Left boundary of the domain. Defaults to min(x).
xr (float, default: None ) –

Right boundary of the domain. Defaults to max(x).

Returns:

PSpline –

The fitted spline object.

Source code in src/psplines/core.py

def fit(self, *, xl: float | None = None, xr: float | None = None) -> PSpline:
    """
    Fit the P-spline model.

    Parameters
    ----------
    xl : float, optional
        Left boundary of the domain. Defaults to min(x).
    xr : float, optional
        Right boundary of the domain.
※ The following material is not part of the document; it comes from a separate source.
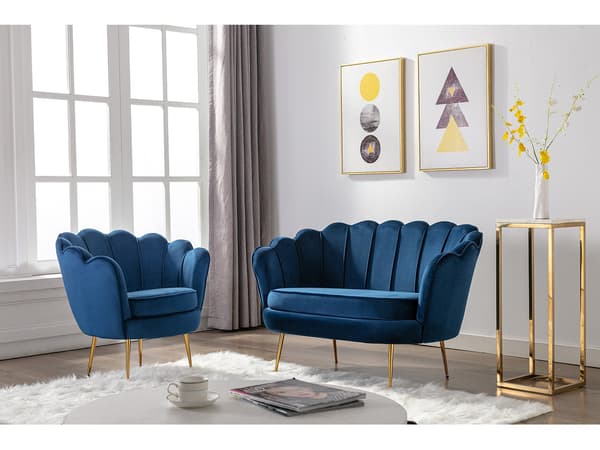 Vente-unique - 2-sits snäcksoffa och snäckformad fåtölj i midnattsblå sammet DANDELION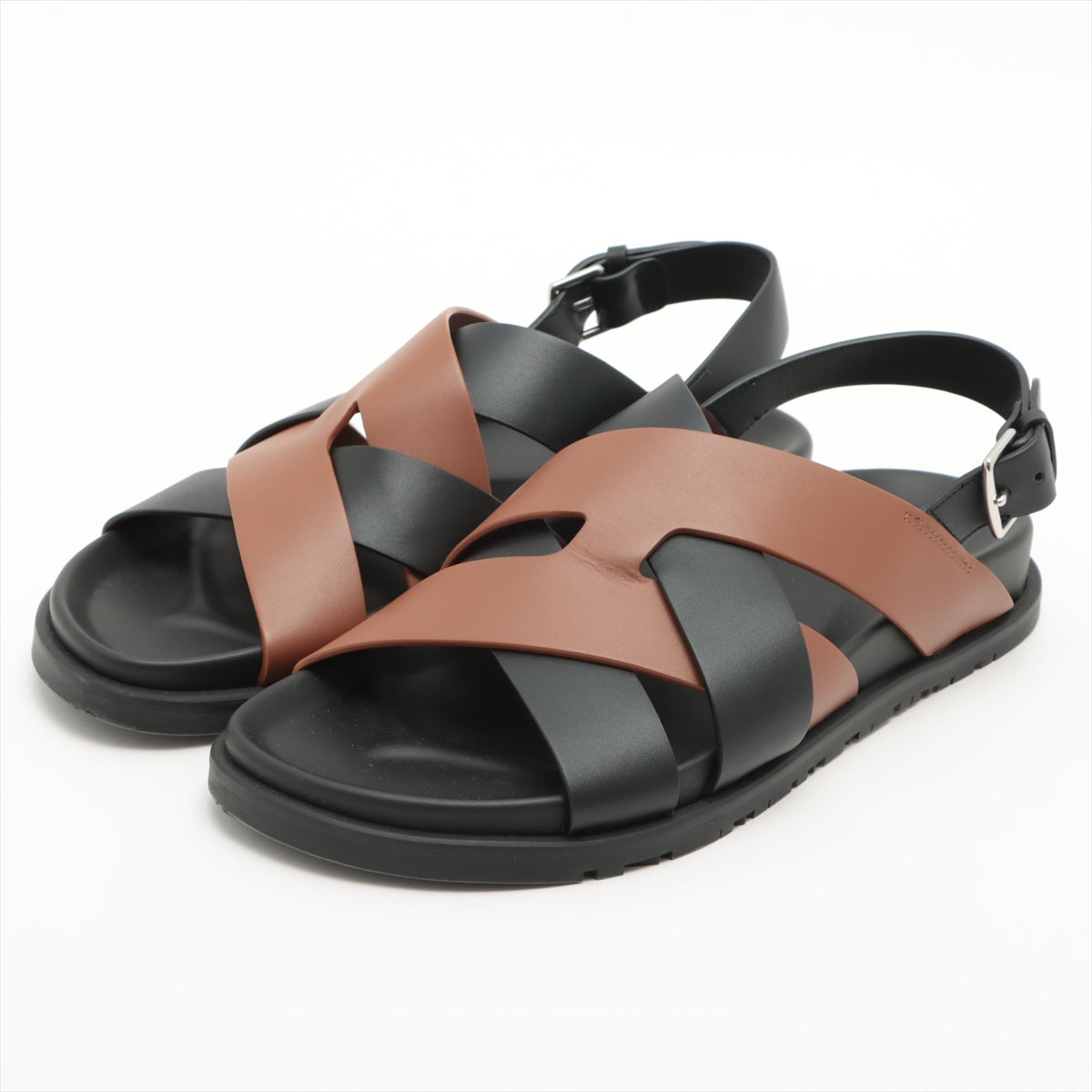 Hermès Hercules Leather Sandals 40 Men's Black × Brown Box Bag Included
Defaults to max(x).

    Returns
    -------
    PSpline
        The fitted spline object.
    """
    # Validate and set domain
    x_array = np.asarray(self.x)
    x_min = float(np.min(x_array))
    x_max = float(np.max(x_array))

    if xl is not None:
        if not np.isfinite(xl):
            raise ValueError("xl must be finite")
        if xl > x_min:
            raise ValueError(f"xl ({xl}) must be <= min(x) ({x_min})")

    if xr is not None:
        if not np.isfinite(xr):
            raise ValueError("xr must be finite")
        if xr < x_max:
            raise ValueError(f"xr ({xr}) must be >= max(x) ({x_max})")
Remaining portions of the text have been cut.